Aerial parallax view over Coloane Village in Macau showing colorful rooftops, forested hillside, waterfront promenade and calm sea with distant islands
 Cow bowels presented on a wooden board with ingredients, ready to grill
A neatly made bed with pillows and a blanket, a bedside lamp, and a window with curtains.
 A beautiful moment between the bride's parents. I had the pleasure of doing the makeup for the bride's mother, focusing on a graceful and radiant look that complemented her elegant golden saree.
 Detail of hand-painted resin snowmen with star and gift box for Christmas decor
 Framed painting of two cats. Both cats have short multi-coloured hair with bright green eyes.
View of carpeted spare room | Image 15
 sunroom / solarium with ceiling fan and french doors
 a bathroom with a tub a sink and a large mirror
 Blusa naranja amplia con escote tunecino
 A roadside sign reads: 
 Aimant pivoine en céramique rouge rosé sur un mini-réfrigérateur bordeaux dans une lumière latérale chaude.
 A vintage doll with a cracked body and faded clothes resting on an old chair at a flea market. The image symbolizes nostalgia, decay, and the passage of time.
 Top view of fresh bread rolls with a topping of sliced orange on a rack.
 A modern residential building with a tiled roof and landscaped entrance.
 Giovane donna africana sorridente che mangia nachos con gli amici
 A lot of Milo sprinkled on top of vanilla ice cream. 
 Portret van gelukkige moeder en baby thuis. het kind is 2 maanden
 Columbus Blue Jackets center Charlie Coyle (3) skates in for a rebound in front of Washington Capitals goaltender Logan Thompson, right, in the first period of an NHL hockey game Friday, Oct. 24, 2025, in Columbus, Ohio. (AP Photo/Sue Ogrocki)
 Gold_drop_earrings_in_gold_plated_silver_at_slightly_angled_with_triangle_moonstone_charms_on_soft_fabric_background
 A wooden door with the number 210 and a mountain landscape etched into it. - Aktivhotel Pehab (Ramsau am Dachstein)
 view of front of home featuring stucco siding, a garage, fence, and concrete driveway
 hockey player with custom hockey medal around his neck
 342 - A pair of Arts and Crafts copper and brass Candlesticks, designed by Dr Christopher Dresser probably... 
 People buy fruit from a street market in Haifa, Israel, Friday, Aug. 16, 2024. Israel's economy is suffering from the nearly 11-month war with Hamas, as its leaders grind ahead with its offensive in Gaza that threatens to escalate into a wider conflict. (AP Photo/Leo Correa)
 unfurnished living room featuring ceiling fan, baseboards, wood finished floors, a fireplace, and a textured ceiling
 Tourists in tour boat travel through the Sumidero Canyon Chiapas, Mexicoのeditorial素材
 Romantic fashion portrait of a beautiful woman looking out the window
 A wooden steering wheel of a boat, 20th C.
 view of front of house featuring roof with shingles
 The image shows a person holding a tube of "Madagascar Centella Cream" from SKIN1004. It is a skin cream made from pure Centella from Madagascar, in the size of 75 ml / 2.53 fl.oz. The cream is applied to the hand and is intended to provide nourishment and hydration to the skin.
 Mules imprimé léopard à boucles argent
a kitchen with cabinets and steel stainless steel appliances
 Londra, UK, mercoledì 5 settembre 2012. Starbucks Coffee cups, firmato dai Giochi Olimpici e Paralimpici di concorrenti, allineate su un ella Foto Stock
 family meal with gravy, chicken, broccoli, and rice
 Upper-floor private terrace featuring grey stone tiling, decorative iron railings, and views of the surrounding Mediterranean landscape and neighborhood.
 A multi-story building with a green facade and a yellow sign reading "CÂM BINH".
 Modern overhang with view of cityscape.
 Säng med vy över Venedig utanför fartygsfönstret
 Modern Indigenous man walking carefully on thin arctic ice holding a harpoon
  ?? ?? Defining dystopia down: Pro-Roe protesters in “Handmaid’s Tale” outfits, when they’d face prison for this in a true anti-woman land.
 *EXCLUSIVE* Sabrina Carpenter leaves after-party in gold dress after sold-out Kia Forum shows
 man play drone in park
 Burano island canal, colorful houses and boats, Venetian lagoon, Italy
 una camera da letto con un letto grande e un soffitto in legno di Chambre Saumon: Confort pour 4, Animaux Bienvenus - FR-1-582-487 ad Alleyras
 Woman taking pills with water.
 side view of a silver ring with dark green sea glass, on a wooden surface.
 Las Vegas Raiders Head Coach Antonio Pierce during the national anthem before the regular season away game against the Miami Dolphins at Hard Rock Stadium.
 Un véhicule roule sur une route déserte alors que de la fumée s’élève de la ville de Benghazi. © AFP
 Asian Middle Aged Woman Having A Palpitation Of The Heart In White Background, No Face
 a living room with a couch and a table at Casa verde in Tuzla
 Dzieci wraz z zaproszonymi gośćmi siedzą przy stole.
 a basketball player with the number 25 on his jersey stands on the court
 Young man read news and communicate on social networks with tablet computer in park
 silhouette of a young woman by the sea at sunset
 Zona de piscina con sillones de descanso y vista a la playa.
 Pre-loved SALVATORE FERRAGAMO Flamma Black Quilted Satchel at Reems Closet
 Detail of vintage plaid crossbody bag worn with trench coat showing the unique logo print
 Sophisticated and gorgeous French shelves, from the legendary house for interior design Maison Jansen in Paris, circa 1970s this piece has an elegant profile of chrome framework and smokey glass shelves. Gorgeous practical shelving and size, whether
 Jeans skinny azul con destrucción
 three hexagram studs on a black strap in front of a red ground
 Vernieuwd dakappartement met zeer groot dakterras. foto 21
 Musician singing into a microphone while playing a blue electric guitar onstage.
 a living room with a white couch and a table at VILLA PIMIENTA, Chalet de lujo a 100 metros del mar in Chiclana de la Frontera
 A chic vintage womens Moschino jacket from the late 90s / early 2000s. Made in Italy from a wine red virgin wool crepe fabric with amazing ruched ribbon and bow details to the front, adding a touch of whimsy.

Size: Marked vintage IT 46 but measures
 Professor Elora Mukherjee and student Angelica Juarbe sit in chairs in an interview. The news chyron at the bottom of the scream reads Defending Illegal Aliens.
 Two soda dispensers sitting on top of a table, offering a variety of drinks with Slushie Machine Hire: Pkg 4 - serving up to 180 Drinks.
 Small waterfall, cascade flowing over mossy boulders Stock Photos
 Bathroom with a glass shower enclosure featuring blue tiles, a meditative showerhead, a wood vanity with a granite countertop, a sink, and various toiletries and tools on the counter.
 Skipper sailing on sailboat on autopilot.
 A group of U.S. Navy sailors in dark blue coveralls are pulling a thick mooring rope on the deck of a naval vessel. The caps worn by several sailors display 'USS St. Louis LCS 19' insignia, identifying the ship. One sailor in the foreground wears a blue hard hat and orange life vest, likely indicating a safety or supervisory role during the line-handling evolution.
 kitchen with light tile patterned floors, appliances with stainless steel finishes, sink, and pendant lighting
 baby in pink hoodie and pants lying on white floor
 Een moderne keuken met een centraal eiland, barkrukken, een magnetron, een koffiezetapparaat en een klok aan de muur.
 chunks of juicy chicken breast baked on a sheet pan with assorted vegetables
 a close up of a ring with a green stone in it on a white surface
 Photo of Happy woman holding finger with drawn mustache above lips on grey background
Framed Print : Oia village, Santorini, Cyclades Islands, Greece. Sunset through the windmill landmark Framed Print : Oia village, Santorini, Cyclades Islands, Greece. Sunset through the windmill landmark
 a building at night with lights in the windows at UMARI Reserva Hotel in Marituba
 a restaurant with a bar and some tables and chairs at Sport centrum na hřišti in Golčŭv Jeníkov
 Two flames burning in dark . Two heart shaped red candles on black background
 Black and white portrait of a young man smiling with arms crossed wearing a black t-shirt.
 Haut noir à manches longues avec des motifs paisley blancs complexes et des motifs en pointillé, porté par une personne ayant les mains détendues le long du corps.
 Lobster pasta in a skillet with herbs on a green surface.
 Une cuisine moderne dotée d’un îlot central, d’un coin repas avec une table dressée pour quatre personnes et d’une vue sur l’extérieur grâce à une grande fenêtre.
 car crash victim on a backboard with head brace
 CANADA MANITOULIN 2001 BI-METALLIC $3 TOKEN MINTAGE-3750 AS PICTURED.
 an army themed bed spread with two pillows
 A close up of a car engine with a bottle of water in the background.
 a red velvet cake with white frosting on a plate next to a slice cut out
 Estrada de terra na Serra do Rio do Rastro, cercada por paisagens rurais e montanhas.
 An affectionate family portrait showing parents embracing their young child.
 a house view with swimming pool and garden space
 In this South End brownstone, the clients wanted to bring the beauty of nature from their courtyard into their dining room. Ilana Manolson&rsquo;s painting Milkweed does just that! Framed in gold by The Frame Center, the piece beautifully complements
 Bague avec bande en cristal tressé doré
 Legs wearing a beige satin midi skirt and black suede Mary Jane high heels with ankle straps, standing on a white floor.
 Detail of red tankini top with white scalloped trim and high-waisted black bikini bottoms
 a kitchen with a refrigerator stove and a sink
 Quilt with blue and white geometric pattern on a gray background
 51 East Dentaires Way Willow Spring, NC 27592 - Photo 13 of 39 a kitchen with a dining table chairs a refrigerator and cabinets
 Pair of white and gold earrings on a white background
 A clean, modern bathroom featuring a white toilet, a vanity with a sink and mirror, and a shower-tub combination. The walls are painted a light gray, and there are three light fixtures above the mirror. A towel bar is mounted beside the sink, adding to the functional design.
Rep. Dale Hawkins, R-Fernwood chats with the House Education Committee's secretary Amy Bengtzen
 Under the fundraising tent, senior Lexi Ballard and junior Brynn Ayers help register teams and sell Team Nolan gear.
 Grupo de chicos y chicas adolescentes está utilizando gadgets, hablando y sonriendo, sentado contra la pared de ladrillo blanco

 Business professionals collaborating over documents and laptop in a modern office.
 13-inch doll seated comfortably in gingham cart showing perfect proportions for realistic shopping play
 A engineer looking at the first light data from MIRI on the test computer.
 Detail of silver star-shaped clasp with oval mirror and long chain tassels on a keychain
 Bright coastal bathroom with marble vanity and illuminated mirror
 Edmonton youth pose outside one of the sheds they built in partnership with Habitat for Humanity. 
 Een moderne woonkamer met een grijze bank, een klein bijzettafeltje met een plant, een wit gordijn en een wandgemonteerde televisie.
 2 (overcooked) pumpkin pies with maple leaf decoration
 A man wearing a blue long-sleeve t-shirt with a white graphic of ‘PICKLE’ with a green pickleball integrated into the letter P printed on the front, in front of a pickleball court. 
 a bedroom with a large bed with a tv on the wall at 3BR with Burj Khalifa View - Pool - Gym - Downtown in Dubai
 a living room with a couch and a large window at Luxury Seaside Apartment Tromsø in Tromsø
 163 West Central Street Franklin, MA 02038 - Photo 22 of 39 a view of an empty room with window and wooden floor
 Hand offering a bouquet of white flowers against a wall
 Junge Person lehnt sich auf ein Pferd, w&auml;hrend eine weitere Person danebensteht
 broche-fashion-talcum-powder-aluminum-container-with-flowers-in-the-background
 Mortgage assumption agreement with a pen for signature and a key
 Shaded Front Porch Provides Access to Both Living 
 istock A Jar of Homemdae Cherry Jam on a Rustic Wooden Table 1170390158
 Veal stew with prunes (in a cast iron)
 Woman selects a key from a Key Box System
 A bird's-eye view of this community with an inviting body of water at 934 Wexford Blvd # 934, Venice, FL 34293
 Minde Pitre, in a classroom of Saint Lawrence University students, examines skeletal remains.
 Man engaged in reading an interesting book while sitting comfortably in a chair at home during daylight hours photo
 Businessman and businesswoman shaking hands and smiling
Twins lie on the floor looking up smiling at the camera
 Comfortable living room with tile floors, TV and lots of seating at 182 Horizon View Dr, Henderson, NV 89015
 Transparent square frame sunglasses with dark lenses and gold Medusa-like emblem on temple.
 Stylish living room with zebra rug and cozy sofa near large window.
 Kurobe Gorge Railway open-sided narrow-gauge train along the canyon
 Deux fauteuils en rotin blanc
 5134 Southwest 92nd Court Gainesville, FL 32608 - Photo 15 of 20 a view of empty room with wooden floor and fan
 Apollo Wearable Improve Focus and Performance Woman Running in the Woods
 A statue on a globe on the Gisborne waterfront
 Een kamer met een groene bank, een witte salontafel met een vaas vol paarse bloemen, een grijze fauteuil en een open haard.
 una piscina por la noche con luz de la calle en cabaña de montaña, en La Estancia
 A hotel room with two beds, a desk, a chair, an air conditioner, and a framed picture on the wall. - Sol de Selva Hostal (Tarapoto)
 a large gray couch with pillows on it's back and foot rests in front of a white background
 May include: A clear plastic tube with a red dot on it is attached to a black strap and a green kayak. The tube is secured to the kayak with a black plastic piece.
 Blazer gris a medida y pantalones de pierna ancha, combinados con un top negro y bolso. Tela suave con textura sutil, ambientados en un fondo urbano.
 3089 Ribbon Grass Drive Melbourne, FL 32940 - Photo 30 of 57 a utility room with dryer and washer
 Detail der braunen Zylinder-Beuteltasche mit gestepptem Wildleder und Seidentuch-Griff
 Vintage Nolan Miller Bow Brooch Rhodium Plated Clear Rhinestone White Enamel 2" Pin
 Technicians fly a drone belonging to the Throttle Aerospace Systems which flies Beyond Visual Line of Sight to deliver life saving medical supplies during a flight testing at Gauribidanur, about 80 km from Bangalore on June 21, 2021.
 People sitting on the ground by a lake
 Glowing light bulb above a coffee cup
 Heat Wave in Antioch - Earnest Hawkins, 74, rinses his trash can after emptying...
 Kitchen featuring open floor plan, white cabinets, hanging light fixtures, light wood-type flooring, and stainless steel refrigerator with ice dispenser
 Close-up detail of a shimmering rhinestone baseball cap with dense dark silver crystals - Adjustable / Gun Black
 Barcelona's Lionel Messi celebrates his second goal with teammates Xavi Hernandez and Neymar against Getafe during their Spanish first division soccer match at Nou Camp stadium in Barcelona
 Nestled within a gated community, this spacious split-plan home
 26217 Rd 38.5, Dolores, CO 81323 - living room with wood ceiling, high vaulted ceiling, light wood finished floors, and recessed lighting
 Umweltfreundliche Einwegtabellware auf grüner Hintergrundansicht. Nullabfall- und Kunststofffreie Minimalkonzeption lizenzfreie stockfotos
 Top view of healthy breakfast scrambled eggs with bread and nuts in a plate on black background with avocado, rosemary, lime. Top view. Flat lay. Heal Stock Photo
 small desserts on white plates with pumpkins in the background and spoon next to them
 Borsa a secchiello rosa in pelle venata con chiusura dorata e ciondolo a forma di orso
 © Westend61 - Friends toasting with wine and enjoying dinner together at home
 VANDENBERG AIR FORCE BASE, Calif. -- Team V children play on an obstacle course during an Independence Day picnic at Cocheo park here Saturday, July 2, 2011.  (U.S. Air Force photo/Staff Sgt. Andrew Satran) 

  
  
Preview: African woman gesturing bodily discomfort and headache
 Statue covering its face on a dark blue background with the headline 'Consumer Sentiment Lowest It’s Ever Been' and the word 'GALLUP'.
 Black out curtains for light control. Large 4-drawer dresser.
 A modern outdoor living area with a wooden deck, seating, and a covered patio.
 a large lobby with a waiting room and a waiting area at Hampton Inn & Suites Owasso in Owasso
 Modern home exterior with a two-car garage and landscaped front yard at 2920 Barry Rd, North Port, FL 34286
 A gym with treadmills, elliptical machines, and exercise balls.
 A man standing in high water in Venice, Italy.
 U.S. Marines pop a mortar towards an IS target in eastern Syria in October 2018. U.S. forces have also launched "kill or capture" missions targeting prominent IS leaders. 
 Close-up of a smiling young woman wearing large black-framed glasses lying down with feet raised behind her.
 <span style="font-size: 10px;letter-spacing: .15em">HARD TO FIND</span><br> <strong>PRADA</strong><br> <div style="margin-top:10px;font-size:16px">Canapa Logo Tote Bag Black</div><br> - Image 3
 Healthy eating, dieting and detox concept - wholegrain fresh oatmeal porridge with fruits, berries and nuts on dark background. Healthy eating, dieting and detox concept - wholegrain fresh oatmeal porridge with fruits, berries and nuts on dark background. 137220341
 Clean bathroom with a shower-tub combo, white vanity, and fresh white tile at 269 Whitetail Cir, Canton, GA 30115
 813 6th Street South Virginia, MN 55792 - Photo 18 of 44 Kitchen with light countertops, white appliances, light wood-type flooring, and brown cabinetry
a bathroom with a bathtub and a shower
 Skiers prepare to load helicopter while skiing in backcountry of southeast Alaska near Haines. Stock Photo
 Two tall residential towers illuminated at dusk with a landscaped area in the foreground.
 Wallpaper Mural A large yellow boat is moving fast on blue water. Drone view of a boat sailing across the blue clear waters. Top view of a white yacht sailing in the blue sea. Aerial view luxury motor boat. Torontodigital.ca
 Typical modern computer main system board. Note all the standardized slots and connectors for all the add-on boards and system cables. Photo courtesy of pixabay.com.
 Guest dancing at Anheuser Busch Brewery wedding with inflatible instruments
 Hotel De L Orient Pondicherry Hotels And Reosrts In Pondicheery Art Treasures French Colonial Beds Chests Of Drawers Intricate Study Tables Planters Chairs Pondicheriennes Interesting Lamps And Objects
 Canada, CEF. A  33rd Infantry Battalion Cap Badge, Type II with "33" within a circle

==============================

» **Work request**: From the listing above, repeat exactly the lines starting at the line that includes "A hotel room" and ending at the line that includes "May include: A", with nothing outside that span.

» **Solved problem**:
 A hotel room with two beds, a desk, a chair, an air conditioner, and a framed picture on the wall. - Sol de Selva Hostal (Tarapoto)
 a large gray couch with pillows on it's back and foot rests in front of a white background
 May include: A clear plastic tube with a red dot on it is attached to a black strap and a green kayak. The tube is secured to the kayak with a black plastic piece.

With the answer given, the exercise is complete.